Il problema per Roemer è proprio quello delle alleanze, fuori e dentro l’Olanda. «Vedremo cosa succederà», conclude pensando al 12 settembre. «Io voglio un governo il più di sinistra possibile, voglio una risposta sociale alla crisi, non andrò al governo con nessun politico di destra e un’agenda liberale. E vorrei lavorare in Europa con altri governi socialisti». Merce rara.

Occhio all’Olanda

Ne sentiremo parlare. E’ un momento politico da studiare, seguire, analizzare. Ci siamo presi questo impegno, del resto. Intanto ne scrive Mario Pianta:

Nessuno in Italia ha mai sentito nominare Emile Roemer. È oggi il politico più popolare d’Olanda, capo del Partito socialista (di sinistra) che secondo i sondaggi potrebbe diventare il primo partito del paese nelle elezioni del 12 settembre prossimo. Secondo i sondaggi di Maurice de Hond, i socialisti potrebbero passare da 15 a 34 seggi, i liberali del primo ministro Mark Rutte scenderebbero a 32, la destra sarebbe in calo. Per governare, serve una maggioranza di 76 seggi; i socialisti potrebbero allearsi con il più moderato partito laburista e con la GreenLeft; i liberali hanno un alleato storico nei democristiani, ma tutti questi partiti sono a terra nei sondaggi. Una parte importante dell’elettorato laburista e verde è deciso a scegliere i socialisti, ma i sondaggi suggeriscono che potrebbero raccogliere voti anche a destra. Il perché di questo possibile successo? La politica anti-austerità proposta dai socialisti, con una ferma opposizione ai 13 miliardi di euro di tagli al bilancio imposti dal governo per portare il deficit sotto il 3% del Pil, come chiesto dal “Fiscal compact” deciso dall’Unione europea.

Al ritorno dalle vacanze potremmo avere una nuova lezione sul valore della democrazia e sulla forza elettorale che può avere un’alternativa alla crisi e alle politiche neoliberiste.
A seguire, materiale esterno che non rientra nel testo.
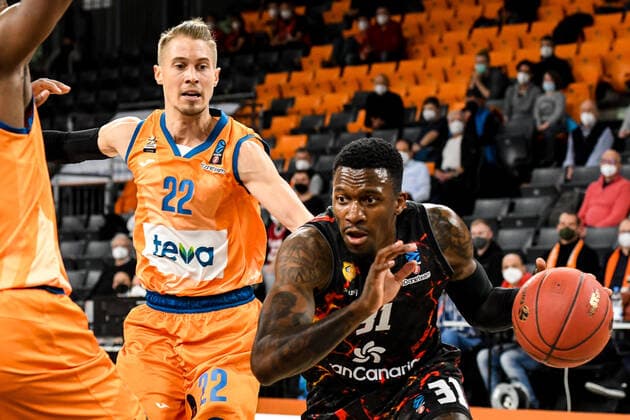 GER, EuroCup, ratiopharm Ulm vs Herbalife Gran Canaria 15 03 2022, ratiopharm arena, New Ulm, GER, EuroCup, ratiopharm Ulm vs Herbalife Gran Canaria, in picture Thomas Klepeisz Ulm, 22 , Dylan Ennis Gran Canaria, 31 nordphotoxGmbHx xHafner nph00200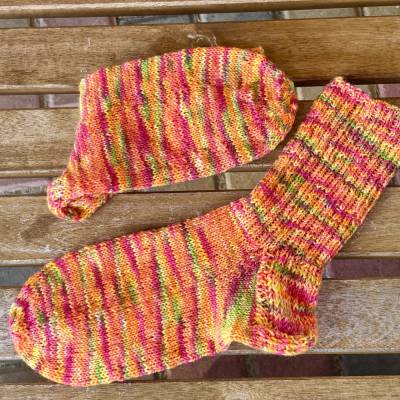 Handgestrickte Socken in Größe 36/37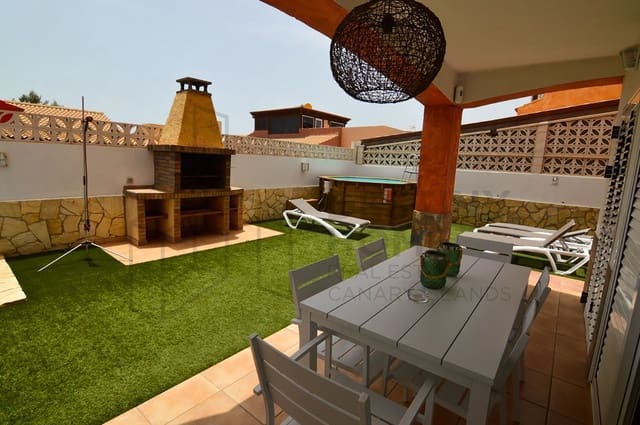 3 camera da letto Villa da affittare in Corralejo, La Oliva con piscina - 2.400 € (Rif: 8142651)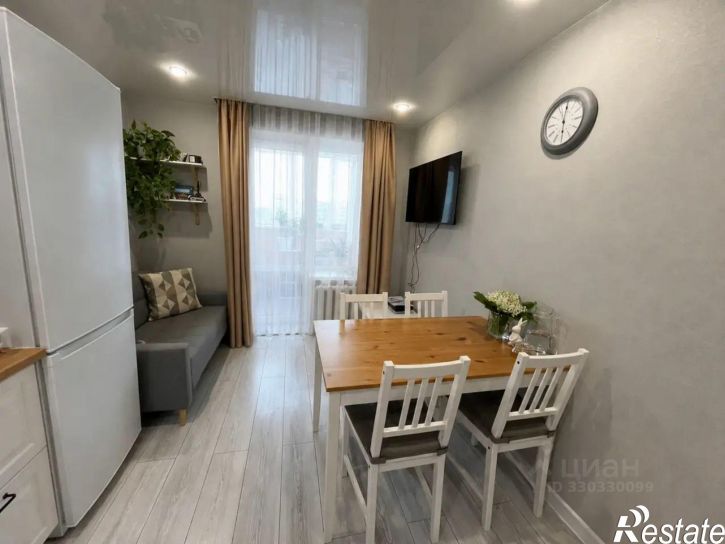 2-комн квартира улица Комарова, 8,  д. 8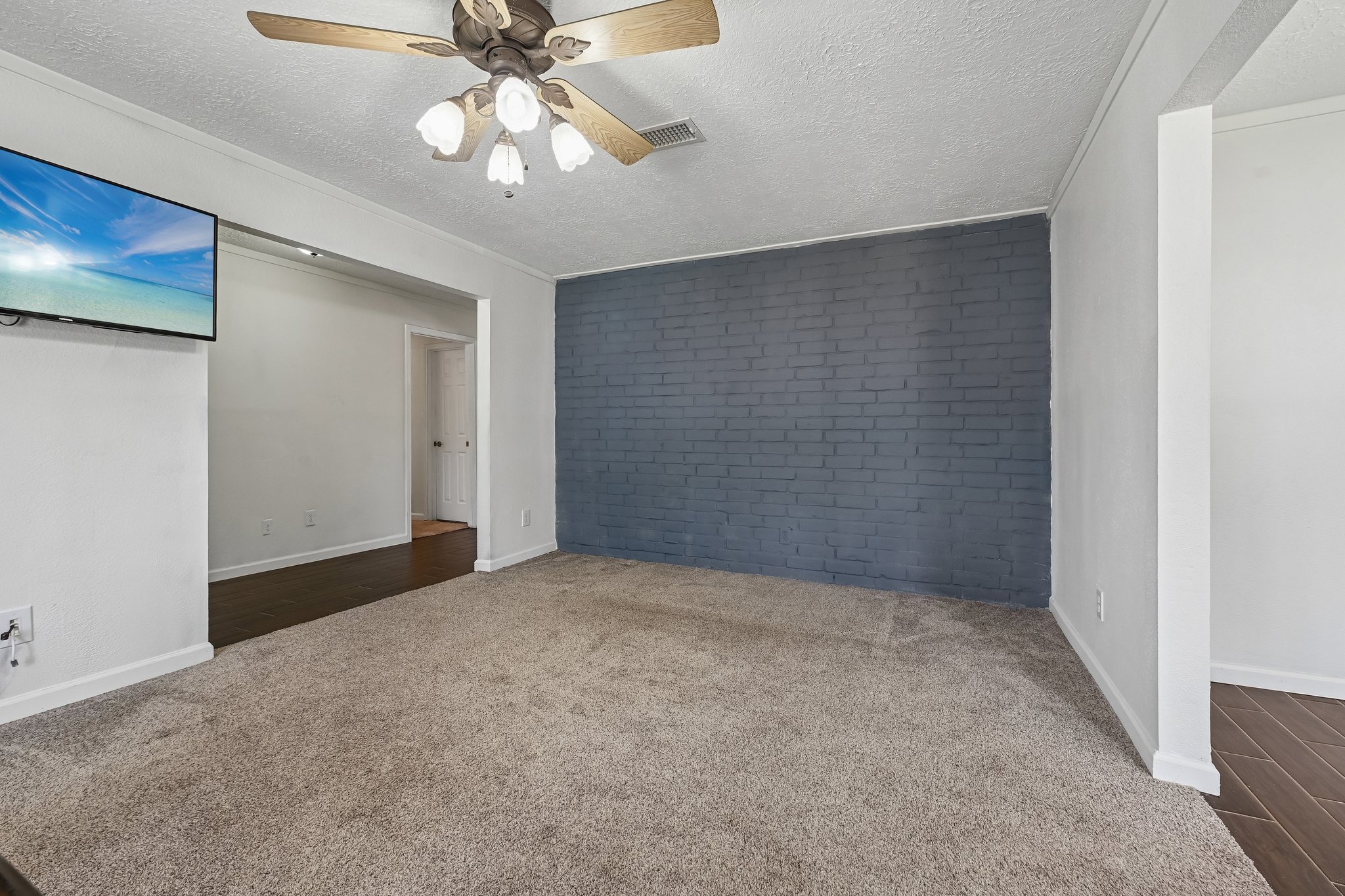Saffron Ln-S1405-008.jpg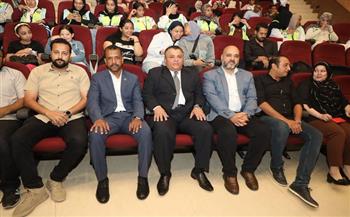 بمشاركة 25 فرقة فنية.. السكرتير العام للمحافظة يطلق إشارة بدء "شاطئ الفن" بالبحر الأحمر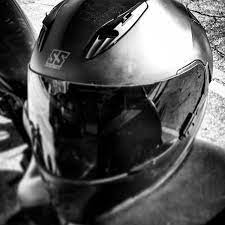 Pin On Motorcycle Helmets With Style
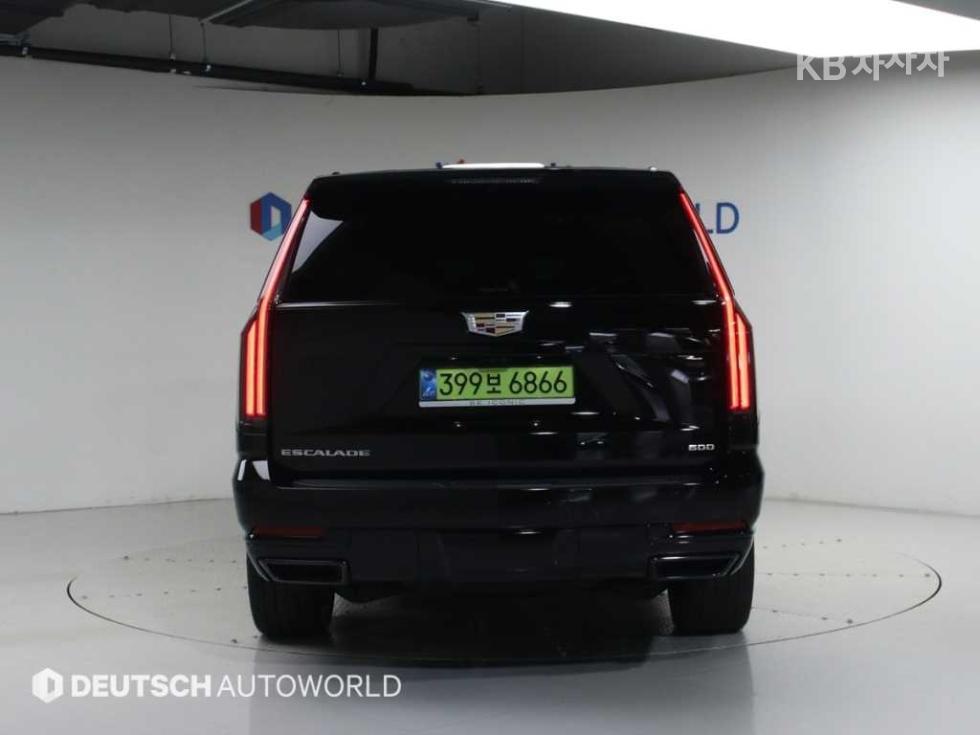 Cadillac Escalade — miniaturë 4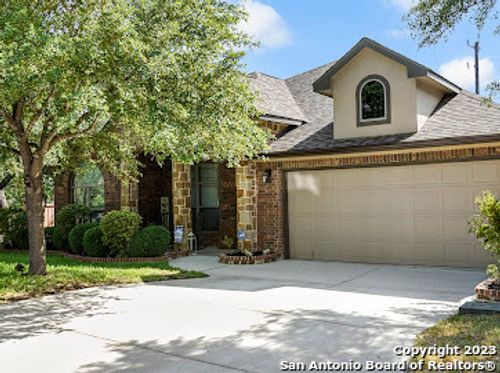 818 Grove Bnd, San Antonio, TX, 78253-5371 | Card Image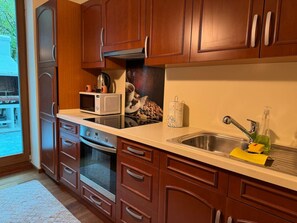 Fridge, microwave, oven, dishwasher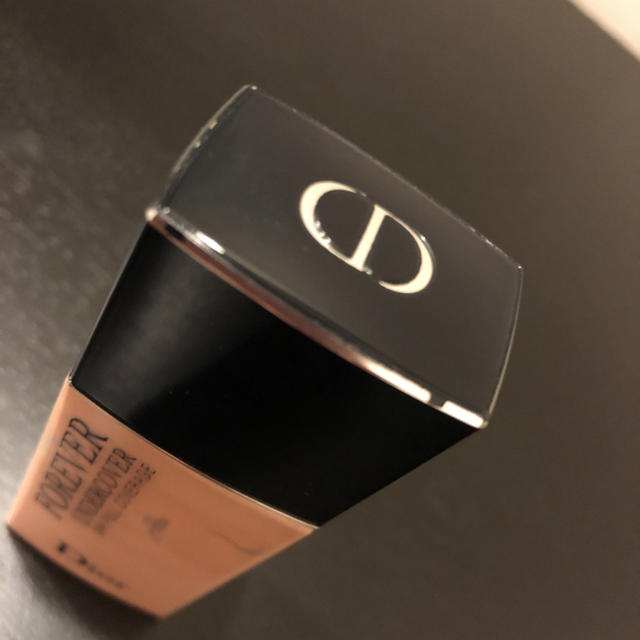 Christian Dior(クリスチャンディオール)のディオールスキン フォーエヴァー アンダーカバー 010 コスメ/美容のベースメイク/化粧品(ファンデーション)の商品写真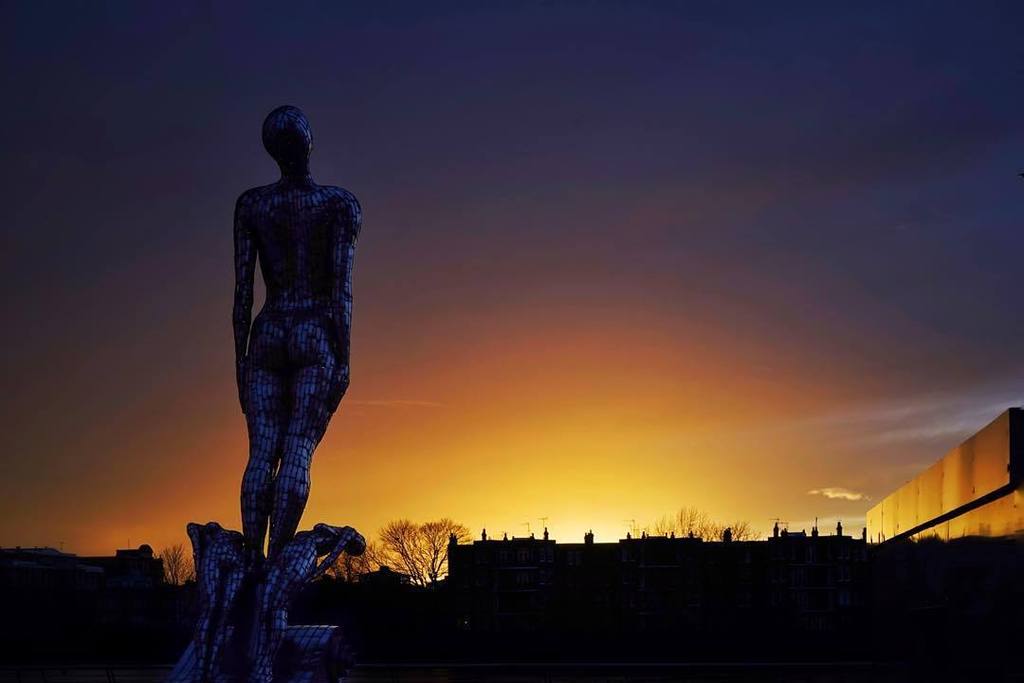 GavriiLux's tweet photo. S a l u t  t h e  S u n

#sunset #thisiLondon #thamespath #RickKirby #sculpture #reflectiv… https://t.co/qWfGDx0kYM https://t.co/m95XXeZAWe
Non verrebbe più, come nel giugno scorso, dal paese più in difficoltà d’Europa, la Grecia, dove la sinistra radicale di Syriza, guidata dal giovane Alexis Tsipras, è arrivata a un passo dalla maggioranza. Questa volta verrebbe da uno dei pilastri dell’ortodossia neoliberista, l’Olanda, il più fedele alleato di Berlino, il paese che per primo era andato alle elezioni dopo lo scoppio della crisi e – incredibilmente – aveva scelto la destra, il liberismo di Mark Rutte e l’alleanza con la destra xenofoba e populista, il Partito della libertà di Geert Wilders, proprio quando il crollo della finanza e la recessione del 2009 mostravano a tutti i disastri del liberismo. Oggi in Olanda tutto sembra cambiare. Il voto a sinistra, il possibile consolidamento di un blocco sociale post-liberista vengono dalla semplice necessità di difendere i propri interessi. Ben diverso dalla spinta al cambiamento esplosa ad Atene, nata dalla disperazione per la tragedia greca. A rompere con il passato sarebbero i cittadini di un paese appena scalfito dalla crisi, con un basso debito pubblico (ma con un altissimo debito privato), che ha lungamente praticato politiche liberiste di ogni tipo (mercato del lavoro flessibile, part time diffusissimo, finanziarizzazione dell’economia), ma che continua ad affidarsi al welfare state.